··· Data supplied

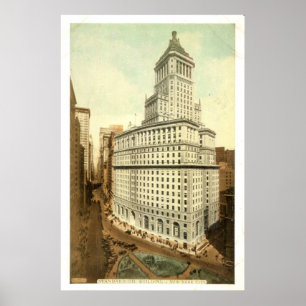 Poster Bâtiment de Standard Oil Company, New York City,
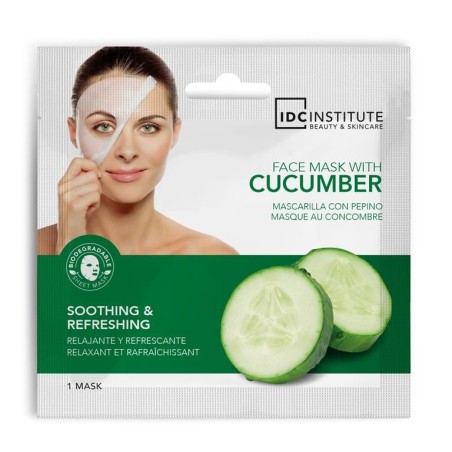 Mascarilla facial pepino calmante y refrescante idc institute-IDC-5865-IDC INSTITUTE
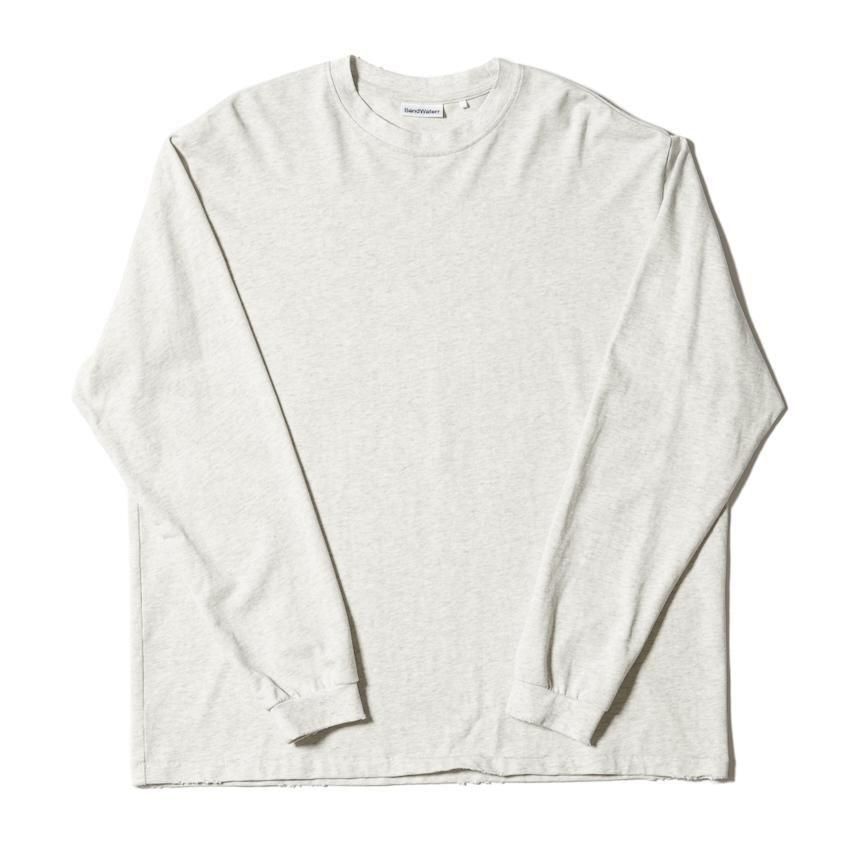 SandWaterr | サンドウォーター | ORGANIZED TEE LS - COTTON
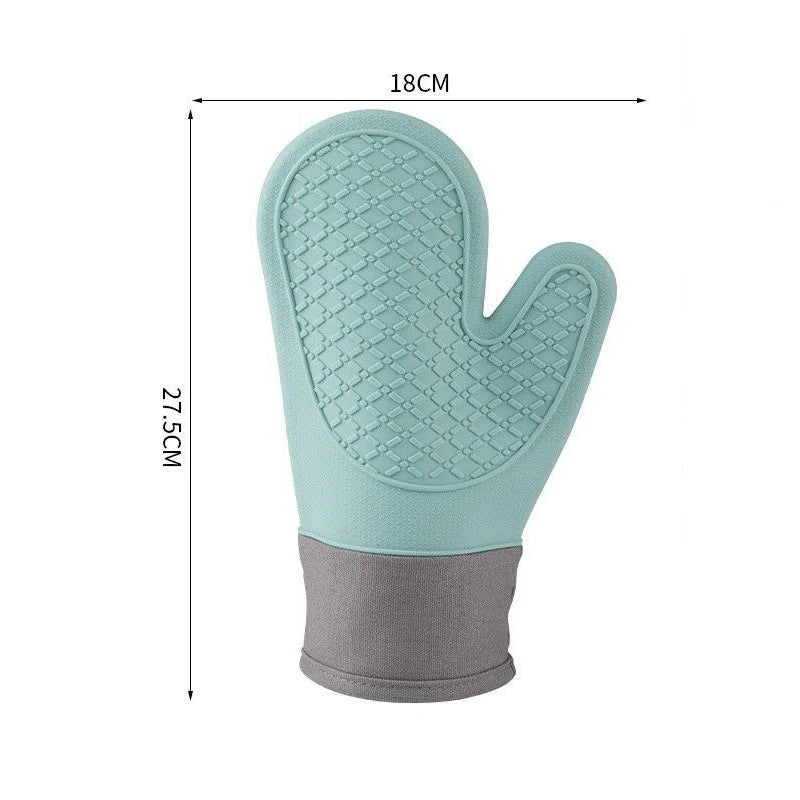 Silicone Oven Glove Mitt – Heat Resistant Kitchen Baking Glove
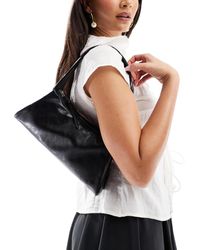 Pull&Bear - – strukturierte schultertasche - Lyst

······

◆ Work request ◆
Take the line with "Silicone Oven Glove" and every line after it through the end of the data, and write only them out exactly, leaving out the pictures.

◆ Solved exercise ◆
 Silicone Oven Glove Mitt – Heat Resistant Kitchen Baking Glove
 Pull&Bear - – strukturierte schultertasche - Lyst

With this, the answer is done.